= Expected transmission count =

Network routing metric

The ETX metric, or expected transmission count, is a measure of the quality of a path between two nodes in a wireless packet data network. It is widely utilized in mesh networking algorithms.

==History==
Douglas S.J. De Couto was the first to describe ETX in his 2004 doctoral dissertation at MIT. Subsequently, it has been implemented in RoofNet/Meraki and OLSR mesh networking protocols, among others.

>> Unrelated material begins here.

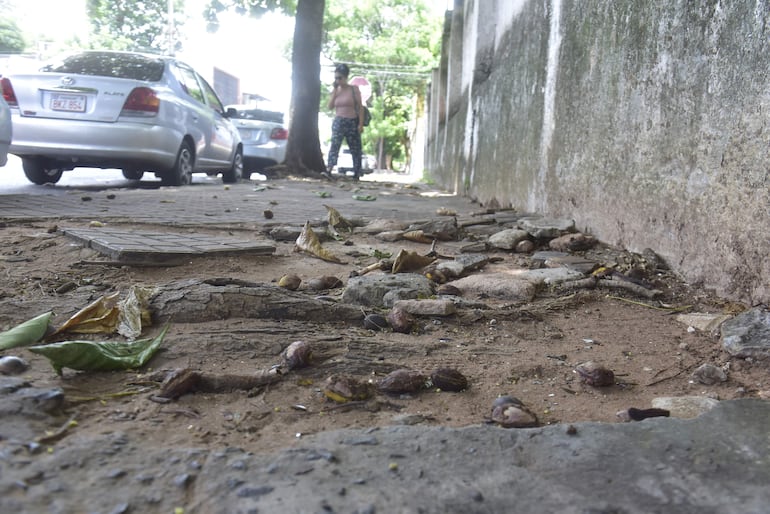 La vereda de la escuela General Díaz presenta enormes baches y no está siendo reparada a un mes y medio del inicio de clases.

In the context of the OLSR protocol, a bidirectional link ETX was defined.

==Details==
ETX is the number of expected transmissions of a packet necessary for it to be received without error at its destination. This number varies from one to infinity. An ETX of one indicates a perfect transmission medium, where an ETX of infinity represents a completely non-functional link. Note that ETX is an expected transmission count for a future event, as opposed to an actual count of a past event. It is hence a real number, and not an integer. For example, if it took 1898 transmissions to transfer 1024 packets without error, the ETX on the link is 1898/1024, or approximately 1.85. Due to varying characteristics of the transmission medium, the number may vary widely.

It is often useful to convert between ETX and the packet error probability $e_{pt}$:

$$\mathrm{ETX} = \frac{1}{1 - e_{pt}}$$

An equivalent relation is used for bidirectional links in the context of the OLSR protocol: $ETX = 1/(NLQ * LQ)$ where NLQ is the Neighbor Link Quality of the link and LQ is its link quality. Thus, $e_{pt} = 1-NLQ * LQ$.